Give the data again word for word; drop the pictures.

**Stored data:**

>>>>

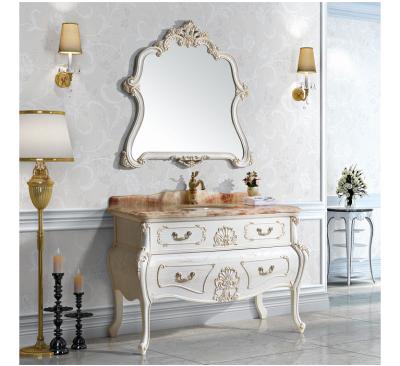 China Durable European Antique Style Hand Carving Solid Wood Bath Vanity Furniture With Jade Stone Top for sale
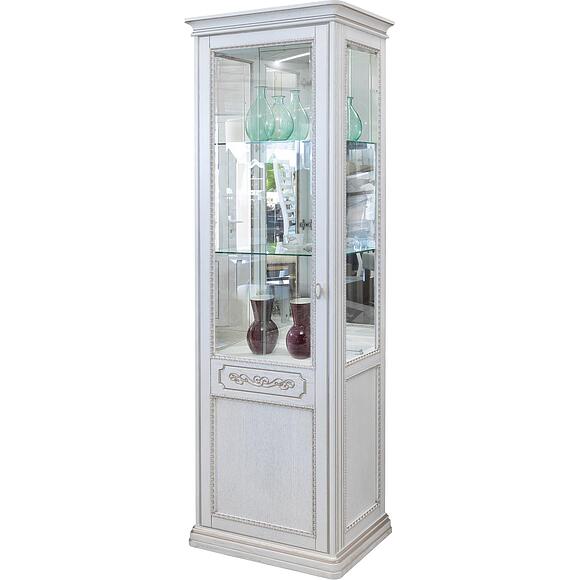 კარადა-ვიტრინა «ბრისტოლი» პ3.588.0.01-01, ადგილი: მასიური მუხა, ფერი: რძისფერი + ვარდისფერი მარგალიტი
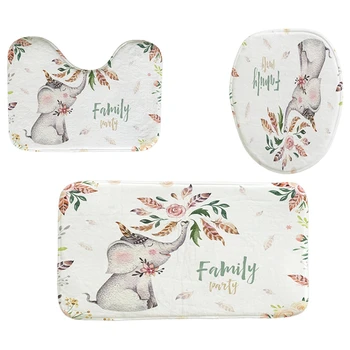 

4Pcs Home Bathroom Decor Set Cool White Background Flower Elephant Pattern Toilet Seat Cover Bath Mat Set Waterproof Shower Cu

<<<<

**Solution:**
 China Durable European Antique Style Hand Carving Solid Wood Bath Vanity Furniture With Jade Stone Top for sale
 კარადა-ვიტრინა «ბრისტოლი» პ3.588.0.01-01, ადგილი: მასიური მუხა, ფერი: რძისფერი + ვარდისფერი მარგალიტი

4Pcs Home Bathroom Decor Set Cool White Background Flower Elephant Pattern Toilet Seat Cover Bath Mat Set Waterproof Shower Cu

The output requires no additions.